Directed by Mark Mylod — Screenplay by Seth Reiss and Will Tracy.
Mark Mylod’s The Menu follows Margot (played by Anya Taylor-Joy) and her food-obsessed boyfriend, Tyler (played by Nicholas Hoult). Tyler has paid for them to go to this highly exclusive restaurant called ‘Hawthorne,’ which resides on this little remote island. Hawthorne is home to the world-renowned chef Julian Slowik (played by Ralph Fiennes) and his highly devoted kitchen staff. Tyler has paid an obscene amount of money to get there because he worships Slowik, and, in actuality, the trip wasn’t originally meant for Margot but rather for his ex-girlfriend. In fact, Margot seems wholly disinterested in the pretentious dishes and overall culture around high-end cooking. She stands out immediately among the guests who also include a food critic that can make or break careers (played by Janet McTeer), tech investors, a past-it actor (played by John Leguizamo), and others. For this evening, Slowik has prepared a detailed but theatrical menu that toys with expectations and that takes aim at his guests. But, eventually, Margot and others start to question whether what is happening is showy high-end cooking or something much more malicious.
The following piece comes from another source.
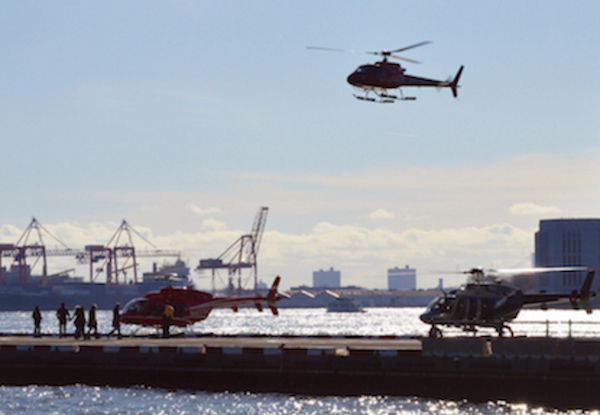 Prior to this year’s deal to reduce helicopter tours by one half by next year, on a clear summer day more than 300 helicopter tours might leave Pier 6 Downtown for trips up and down the Hudson River. | JACKSON CHEN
The team behind The Menu is a fascinating concoction of biting comedy with a writing duo, in Will Tracy and Seth Reiss, with experience as late-night writers and The Onion writers, as well as a director, in Mark Mylod, whose feature debut was Ali G Indahouse but who is primarily known for his work as a director on shows like Entourage and Succession. Together, they have presented us with a delicious satirical thriller that takes aim at all elements of the world of high-end dining. A biting and cynical thriller, it lumps people into two groups — the givers and the takers — and then has good fun taking down everyone from the pretense of food critics and fluffy fine-dining to both those who step all over someone’s hard work and the obsessive supporters who will swallow anything happily. It is quite easy to transfer these piping-hot satirical takedowns from the high-end dining world and onto the film community and auteur worship, and I had great fun making those connections as it went along. I suppose some audiences might be taken aback by seeing themselves in some of these characters, but I think that’s all a part of the fun.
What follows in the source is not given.